The API Guide and API are individually a “commercial item” as that term is defined at 48 C.F.R. § 2.101, consisting of “commercial computer software” and “commercial computer software documentation” as such terms are used in 48 C.F.R. § 12.212. Accordingly, if you are an agency of the U.S. Government or any contractor thereof, you receive only those rights with respect to the API Guide and API as are granted to all other end users under license, in accordance with (a) 48 C.F.R. § 227.7201 through 48 C.F.R. § 227.7204, with respect to the Department of Defense and their contractors, or (b) 48 C.F.R. § 12.212, with respect to all other U.S. Government licensees and their contractors.
You acknowledge and agree that the Company has the right, at its sole discretion, to modify this Agreement from time to time, with or without notice to you. You will be responsible for monitoring and checking for updates and reviewing and becoming familiar with any such modifications.
This agreement is governed by and construed in accordance with the internal laws of the State of Michigan without giving effect to any choice of conflict of law provision or rule that would require or permit the application of the laws of any jurisdiction other than those of the State of Michigan. Except as otherwise set forth herein, any legal suit, action or proceeding arising out of or related to this agreement or the licenses granted hereunder will be instituted exclusively in the courts of the State of Michigan, in each case located in the city of Detroit and the County of Wayne, and each party irrevocably submits to the exclusive jurisdiction of such courts in any such suit, action or proceeding.
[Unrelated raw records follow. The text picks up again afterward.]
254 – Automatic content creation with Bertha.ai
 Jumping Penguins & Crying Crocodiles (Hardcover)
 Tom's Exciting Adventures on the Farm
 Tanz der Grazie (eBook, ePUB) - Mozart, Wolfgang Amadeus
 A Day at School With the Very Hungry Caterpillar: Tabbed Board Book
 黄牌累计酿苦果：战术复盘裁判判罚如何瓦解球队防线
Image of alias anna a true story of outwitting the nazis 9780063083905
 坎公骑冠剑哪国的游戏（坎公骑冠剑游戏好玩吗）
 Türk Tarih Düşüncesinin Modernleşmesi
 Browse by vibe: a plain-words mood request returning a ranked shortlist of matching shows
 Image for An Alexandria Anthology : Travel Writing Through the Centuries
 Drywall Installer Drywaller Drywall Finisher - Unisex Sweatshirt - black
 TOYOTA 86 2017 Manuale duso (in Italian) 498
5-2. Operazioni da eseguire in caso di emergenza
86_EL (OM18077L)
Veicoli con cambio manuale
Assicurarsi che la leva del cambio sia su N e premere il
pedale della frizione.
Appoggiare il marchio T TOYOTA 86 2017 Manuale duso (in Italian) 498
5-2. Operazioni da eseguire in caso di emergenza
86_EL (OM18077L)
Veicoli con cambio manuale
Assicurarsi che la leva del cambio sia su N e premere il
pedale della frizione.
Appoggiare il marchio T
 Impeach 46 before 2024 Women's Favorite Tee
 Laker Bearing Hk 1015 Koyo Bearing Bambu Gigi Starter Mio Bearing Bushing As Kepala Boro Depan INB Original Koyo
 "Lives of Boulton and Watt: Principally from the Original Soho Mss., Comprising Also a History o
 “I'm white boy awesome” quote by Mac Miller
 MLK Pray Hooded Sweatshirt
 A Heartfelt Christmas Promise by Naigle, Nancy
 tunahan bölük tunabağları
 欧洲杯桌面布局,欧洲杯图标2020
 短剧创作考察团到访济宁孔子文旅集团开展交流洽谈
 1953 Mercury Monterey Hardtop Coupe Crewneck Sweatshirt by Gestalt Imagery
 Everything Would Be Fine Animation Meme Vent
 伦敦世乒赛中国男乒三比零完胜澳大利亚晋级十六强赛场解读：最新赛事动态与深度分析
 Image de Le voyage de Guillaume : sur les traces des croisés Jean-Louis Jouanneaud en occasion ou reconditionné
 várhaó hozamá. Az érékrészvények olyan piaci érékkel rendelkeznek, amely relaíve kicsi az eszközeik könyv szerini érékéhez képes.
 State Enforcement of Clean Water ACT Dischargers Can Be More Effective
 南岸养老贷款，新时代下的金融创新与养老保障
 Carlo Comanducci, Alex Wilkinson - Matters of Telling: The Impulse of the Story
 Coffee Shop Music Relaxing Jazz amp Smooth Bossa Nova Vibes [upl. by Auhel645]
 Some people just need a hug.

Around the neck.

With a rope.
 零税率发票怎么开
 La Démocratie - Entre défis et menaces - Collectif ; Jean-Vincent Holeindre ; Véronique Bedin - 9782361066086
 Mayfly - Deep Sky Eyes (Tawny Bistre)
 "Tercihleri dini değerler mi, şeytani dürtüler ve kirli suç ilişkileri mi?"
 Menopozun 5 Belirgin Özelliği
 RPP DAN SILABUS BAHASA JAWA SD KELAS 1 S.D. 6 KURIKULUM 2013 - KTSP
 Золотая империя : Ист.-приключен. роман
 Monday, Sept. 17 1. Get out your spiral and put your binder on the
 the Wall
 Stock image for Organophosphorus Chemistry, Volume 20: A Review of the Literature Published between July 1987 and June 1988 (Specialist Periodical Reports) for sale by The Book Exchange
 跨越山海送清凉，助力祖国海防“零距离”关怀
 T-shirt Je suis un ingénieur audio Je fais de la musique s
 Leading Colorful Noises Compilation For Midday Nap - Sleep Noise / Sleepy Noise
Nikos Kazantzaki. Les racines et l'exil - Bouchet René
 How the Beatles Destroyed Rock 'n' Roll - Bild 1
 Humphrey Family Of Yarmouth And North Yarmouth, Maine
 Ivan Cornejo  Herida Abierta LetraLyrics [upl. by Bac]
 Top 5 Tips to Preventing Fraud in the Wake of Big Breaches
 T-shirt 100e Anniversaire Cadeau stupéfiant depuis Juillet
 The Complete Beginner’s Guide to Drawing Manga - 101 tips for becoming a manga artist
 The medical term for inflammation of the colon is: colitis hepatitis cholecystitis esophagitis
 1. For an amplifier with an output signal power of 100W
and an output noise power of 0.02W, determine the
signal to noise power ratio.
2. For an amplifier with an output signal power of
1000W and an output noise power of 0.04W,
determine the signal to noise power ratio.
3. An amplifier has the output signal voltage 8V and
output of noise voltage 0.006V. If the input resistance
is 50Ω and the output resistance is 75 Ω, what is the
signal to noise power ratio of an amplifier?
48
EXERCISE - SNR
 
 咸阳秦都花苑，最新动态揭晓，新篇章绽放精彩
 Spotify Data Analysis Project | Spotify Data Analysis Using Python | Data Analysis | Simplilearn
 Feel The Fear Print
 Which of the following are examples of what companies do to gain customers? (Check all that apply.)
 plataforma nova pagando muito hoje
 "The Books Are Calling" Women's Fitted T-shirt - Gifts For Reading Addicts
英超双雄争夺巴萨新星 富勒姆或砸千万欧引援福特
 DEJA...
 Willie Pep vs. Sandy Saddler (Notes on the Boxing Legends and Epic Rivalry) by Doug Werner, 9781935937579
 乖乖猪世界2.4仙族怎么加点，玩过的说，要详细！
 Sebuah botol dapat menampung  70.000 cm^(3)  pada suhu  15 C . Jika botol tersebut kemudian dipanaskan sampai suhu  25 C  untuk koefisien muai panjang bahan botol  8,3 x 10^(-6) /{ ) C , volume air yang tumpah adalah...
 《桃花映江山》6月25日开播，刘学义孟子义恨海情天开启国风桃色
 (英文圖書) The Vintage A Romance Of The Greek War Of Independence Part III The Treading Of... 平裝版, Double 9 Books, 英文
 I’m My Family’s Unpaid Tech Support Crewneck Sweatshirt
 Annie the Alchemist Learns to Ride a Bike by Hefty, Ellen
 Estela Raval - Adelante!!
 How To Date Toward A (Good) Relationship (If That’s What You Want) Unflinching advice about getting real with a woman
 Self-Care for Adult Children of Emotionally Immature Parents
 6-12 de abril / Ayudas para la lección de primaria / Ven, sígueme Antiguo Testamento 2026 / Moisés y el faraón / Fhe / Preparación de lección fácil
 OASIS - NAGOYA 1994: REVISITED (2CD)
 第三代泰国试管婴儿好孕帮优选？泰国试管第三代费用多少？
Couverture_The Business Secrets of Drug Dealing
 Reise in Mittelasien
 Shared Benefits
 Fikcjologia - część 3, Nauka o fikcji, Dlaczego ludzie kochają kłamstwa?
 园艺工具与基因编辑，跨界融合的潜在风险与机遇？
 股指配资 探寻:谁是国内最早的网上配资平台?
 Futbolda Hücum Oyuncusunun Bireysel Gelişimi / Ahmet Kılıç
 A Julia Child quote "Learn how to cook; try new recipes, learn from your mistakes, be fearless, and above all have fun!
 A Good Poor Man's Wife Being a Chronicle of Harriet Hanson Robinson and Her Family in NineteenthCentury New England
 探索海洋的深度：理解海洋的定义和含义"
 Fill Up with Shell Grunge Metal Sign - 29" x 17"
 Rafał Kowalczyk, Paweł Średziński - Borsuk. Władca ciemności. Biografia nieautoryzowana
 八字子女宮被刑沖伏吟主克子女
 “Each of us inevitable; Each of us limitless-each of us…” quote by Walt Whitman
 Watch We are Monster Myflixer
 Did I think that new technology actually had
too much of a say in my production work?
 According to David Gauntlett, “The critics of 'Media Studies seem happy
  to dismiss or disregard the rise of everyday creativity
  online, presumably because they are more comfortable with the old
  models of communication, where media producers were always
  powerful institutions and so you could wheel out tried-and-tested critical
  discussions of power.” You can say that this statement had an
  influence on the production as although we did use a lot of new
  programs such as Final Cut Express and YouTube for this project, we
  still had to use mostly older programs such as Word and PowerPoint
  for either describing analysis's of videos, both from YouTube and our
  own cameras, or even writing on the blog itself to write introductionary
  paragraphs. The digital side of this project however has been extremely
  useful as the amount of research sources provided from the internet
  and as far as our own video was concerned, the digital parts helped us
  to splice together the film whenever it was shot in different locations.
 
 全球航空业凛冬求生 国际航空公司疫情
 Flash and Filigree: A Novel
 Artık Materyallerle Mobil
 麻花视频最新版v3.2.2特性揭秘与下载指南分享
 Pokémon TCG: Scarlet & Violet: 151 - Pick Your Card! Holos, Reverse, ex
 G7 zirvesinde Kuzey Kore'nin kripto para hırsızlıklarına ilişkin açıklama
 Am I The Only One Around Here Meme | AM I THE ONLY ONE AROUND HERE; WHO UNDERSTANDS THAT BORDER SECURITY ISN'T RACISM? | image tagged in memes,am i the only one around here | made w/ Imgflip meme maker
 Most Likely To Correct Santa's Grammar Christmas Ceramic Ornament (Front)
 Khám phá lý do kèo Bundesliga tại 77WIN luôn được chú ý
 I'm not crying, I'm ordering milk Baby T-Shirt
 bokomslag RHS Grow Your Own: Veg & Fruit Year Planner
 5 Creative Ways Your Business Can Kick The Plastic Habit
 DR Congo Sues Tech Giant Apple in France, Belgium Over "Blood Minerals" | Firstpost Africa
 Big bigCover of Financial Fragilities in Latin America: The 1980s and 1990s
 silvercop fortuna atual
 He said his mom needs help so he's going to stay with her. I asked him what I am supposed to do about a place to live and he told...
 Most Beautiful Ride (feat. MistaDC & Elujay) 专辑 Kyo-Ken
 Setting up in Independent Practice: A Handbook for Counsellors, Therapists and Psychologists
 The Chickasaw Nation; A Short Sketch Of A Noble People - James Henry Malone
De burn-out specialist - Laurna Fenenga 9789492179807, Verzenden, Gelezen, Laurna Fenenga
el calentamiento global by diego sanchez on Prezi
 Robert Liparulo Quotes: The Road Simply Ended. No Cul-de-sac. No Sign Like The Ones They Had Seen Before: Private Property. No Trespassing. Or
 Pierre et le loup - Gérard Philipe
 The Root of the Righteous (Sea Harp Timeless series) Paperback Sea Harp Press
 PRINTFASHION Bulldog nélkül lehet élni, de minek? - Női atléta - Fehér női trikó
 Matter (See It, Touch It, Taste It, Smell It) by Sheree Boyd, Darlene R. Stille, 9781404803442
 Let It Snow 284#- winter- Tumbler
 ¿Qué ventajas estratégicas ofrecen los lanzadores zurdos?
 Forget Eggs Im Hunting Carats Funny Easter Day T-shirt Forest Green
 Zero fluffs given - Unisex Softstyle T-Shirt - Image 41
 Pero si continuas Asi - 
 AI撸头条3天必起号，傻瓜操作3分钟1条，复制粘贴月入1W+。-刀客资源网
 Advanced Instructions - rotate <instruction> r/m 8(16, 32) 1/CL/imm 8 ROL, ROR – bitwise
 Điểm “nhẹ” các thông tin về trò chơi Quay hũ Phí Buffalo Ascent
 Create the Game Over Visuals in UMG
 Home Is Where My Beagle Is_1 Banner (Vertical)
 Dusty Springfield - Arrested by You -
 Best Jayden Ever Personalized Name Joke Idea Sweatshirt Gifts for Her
This Agreement constitutes the entire agreement and understanding between the parties hereto with respect to the subject matter hereof and supersedes all prior and contemporaneous understandings, agreements, representations and warranties, both written and oral, with respect to such subject matter. Any notices to us must be sent to our corporate headquarters address available at www.Nexsystech.com and must be delivered either in person, by certified or registered mail, return receipt requested and postage prepaid, or by recognized overnight courier service, and are deemed given upon receipt by us. Notwithstanding the foregoing, you hereby consent to receiving electronic communications from us. These electronic communications may include notices about applicable fees and charges, transactional information and other information concerning or related to the API Documentation. You agree that any notices, agreements, disclosures or other communications that we send to you electronically will satisfy any legal communication requirements, including that such communications be in writing. The invalidity, illegality or unenforceability of any provision herein does not affect any other provision herein or the validity, legality or enforceability of such provision in any other jurisdiction. Any failure to act by us with respect to a breach of this Agreement by you or others does not constitute a waiver and will not limit our rights with respect to such breach or any subsequent breaches. This Agreement is personal to you and may not be assigned or transferred for any reason whatsoever without our prior written consent and any action or conduct in violation of the foregoing will be void and without effect. We expressly reserve the right to assign this Agreement and to delegate any of its obligations hereunder.